Your task: Lines from the one containing "5000LM sukelluslamppu, IPX8" through the final line of the records below are needed, copied exactly, with no pictures.

[Items listed in a dataset]
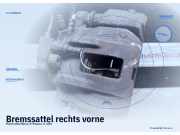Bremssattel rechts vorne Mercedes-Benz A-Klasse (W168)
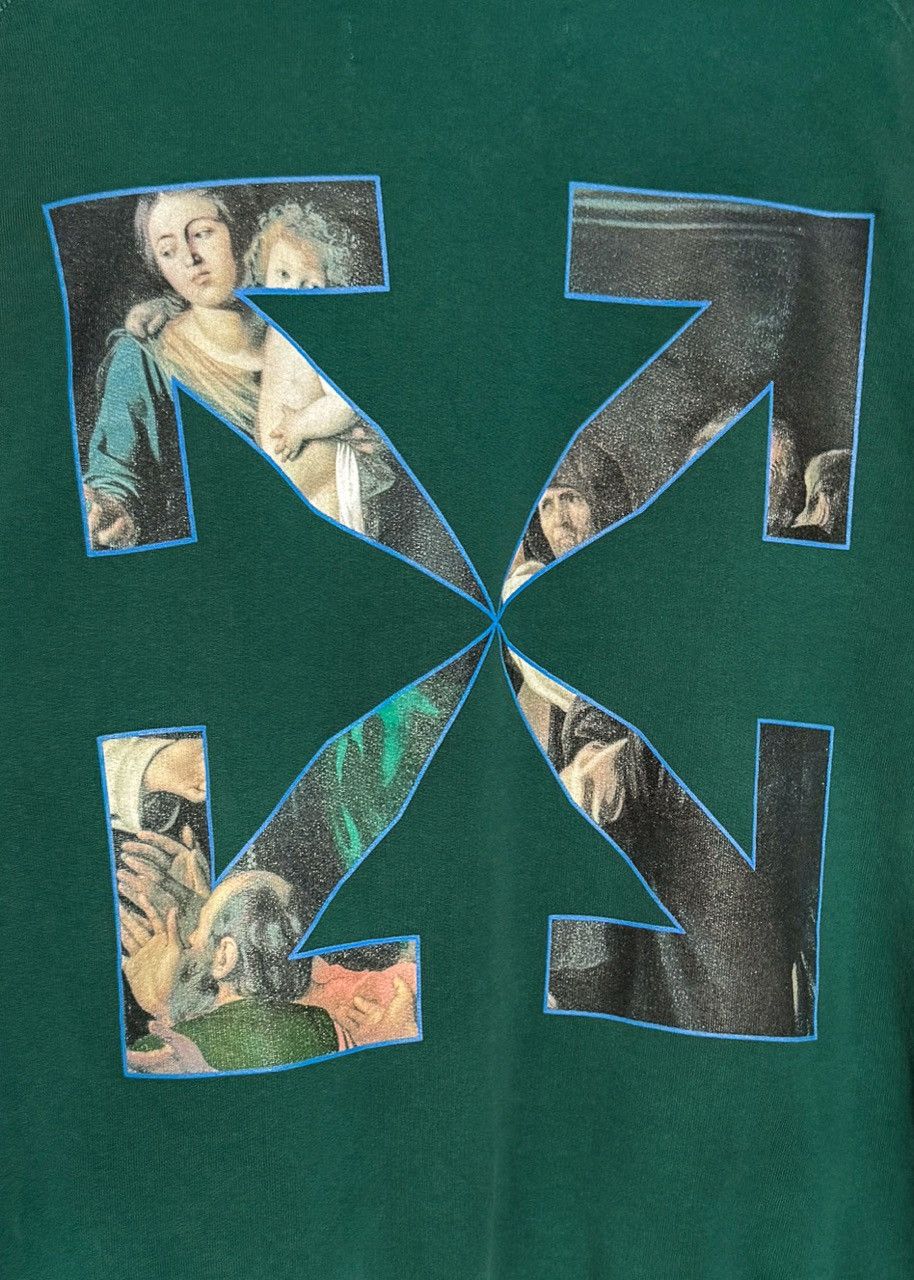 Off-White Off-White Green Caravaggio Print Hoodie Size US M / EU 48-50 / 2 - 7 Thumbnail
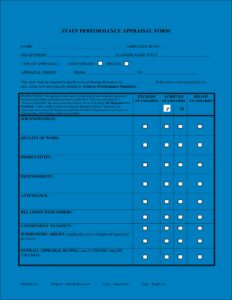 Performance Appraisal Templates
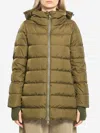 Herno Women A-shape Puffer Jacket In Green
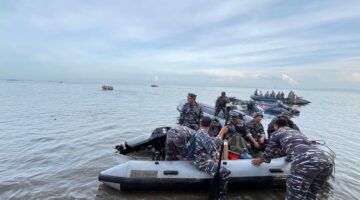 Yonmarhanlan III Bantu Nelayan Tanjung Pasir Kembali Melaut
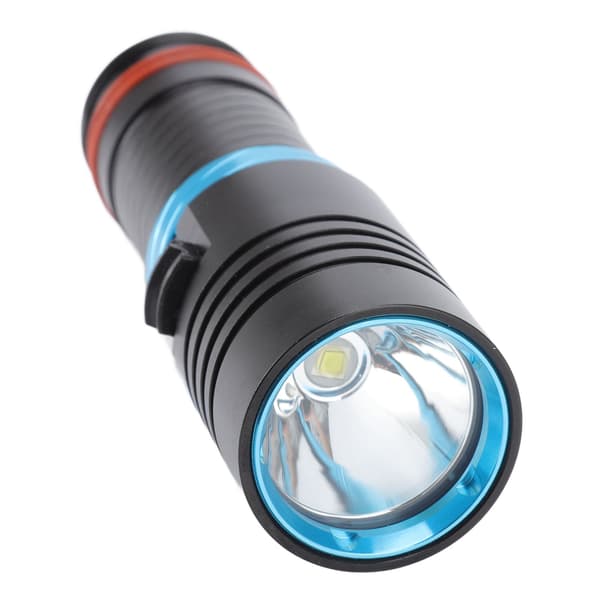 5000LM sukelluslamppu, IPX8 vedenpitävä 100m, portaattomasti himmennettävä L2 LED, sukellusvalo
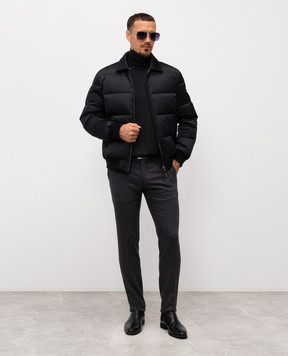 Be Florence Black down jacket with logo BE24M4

Answer to the problem:
 5000LM sukelluslamppu, IPX8 vedenpitävä 100m, portaattomasti himmennettävä L2 LED, sukellusvalo
 Be Florence Black down jacket with logo BE24M4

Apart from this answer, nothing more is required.